The incident itself, a case of police injustice and a tragic accident in the heat of the moment, simmers with racial tension. But once again Coogler makes sure not to push the political buttons too hard. References are made now and then, such as a white woman asking Oscar how to fry fish "southern style", and his family discussing why they want the African-American-managed Pittsburgh Steelers to win the Superbowl, but Coogler is instead focused on fleshing out character over presenting a simplified tale of racial politics.
This is a rich and vivid human drama bursting with life, with the film's best parts are the little moments between its characters. From Oscar's family making dinner together to when he picks up his daughter from school, each take, each scene is allowed to breathe, as if every second of Oscar's time on screen is sacred.
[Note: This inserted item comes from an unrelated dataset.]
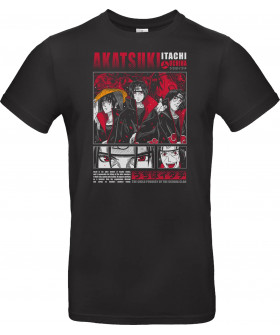 Футболка Чорний з принтом «Itachi Uchiha Akatsuki»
It's bombastic finale, where Oscar's temper, ghosts from his past, and police ineptitude all simultaneously collide, can be forgiven as it's based on a true story. But it's because so much time was invested in getting to know Oscar that when his life is taken it becomes all the more tragic.
The movie was first screened in Sundance at the start of 2013 but is only now being shown in the UK. Its location-specific story limits its international appeal but distributors should not fear that the film's power would be lost on a British audience. This is a universal human drama and bravura first picture from Coogler and in Jordan we have a new stick of acting dynamite in our hands, just waiting to explode to stardom.
Fruitvale Station will be released in UK cinemas nationwide from 6 June.